__Work request__
Transcribe the data in full and exactly, omitting any pictures.

__Available data__
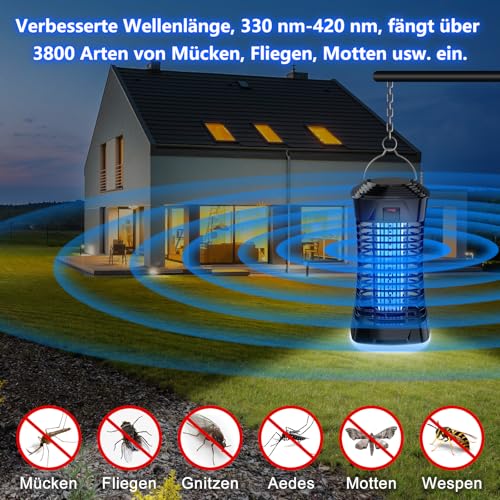 Detalle 2 de Loowoko Mückenlampe 4200V – effektiver, chemiefreier Insektenvernichter für Innen & Überdachte Außenbereiche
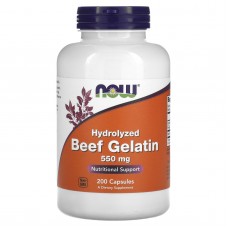 Гидролизат говяжьего желатина, Beef Gelatin, Now Foods, 550 мг, 200 капсул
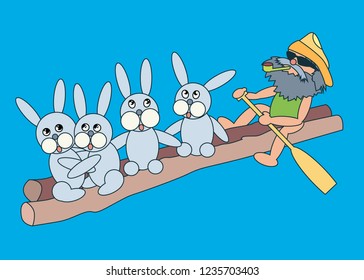 Old man and hares. Vector illustration of an old man who saves hares from flooding.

__Exercise result__
 Detalle 2 de Loowoko Mückenlampe 4200V – effektiver, chemiefreier Insektenvernichter für Innen & Überdachte Außenbereiche
 Гидролизат говяжьего желатина, Beef Gelatin, Now Foods, 550 мг, 200 капсул
 Old man and hares. Vector illustration of an old man who saves hares from flooding.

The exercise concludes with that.